In 2008, Shea’s determination and positive encouragement led the movement, taking the fair to its new home on the Willowdale Steeple Chase property behind Landhope Farms,while rallying a throng of new volunteers with fresh ideas for entertainment, including the introduction of the Denim and Diamonds Dinner and Auction and most recently, the widely popular Willowdale Pro Rodeo.

But after making the Fair bigger and better than ever — just a few years after its very future was in doubt — Shea decided the time had come to hand things over to a new leader, but one who has played a key role in the resurgence of the event over the past few years.

Chamberlain, who has worked beside Shea for the past six years, said she feels ready to take up the challenge.  She says she comes with eyes wide open to the challenges ahead. Born and raised in Lancaster County, she attended the West Lampeter Fair and developed a strong love for agriculture and community.

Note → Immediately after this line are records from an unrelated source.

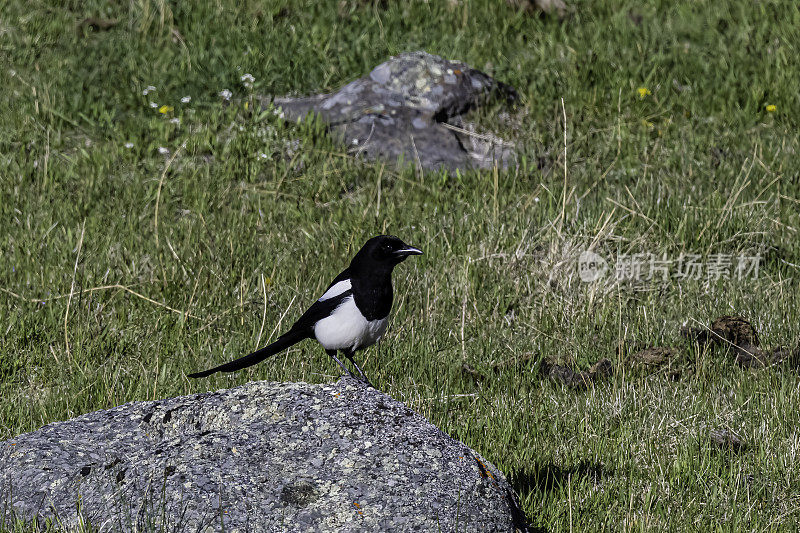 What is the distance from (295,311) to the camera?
5.50 m

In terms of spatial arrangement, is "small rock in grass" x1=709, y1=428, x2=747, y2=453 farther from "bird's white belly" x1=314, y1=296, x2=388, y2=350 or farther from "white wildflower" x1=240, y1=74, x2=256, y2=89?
"white wildflower" x1=240, y1=74, x2=256, y2=89

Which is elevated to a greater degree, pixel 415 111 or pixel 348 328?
pixel 348 328

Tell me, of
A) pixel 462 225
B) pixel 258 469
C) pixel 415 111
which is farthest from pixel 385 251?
pixel 415 111

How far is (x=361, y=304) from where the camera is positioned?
3.83m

Here, she’s directed youth handcrafts, been sponsorship chair and on the Unionville Community Fair’s Board of Directors for the past six years. She and her family have been entering their items in the fairs contests for many years, and hold the titles of the Family Award, the Youth Award and the Robert Struble Award.

Chamberlain says she has a lot of ideas but needs volunteers from the community to bring those ideas to fruition. She plans to concentrate on education by having an on-site mobile agriculture lab for class trips and to carry on the “green” theme by promoting recycling.

Chamberlain sees the fair as an “institution whose role is to teach our youth about the importance of agriculture and the vital role we play in understanding and protecting our local farms.”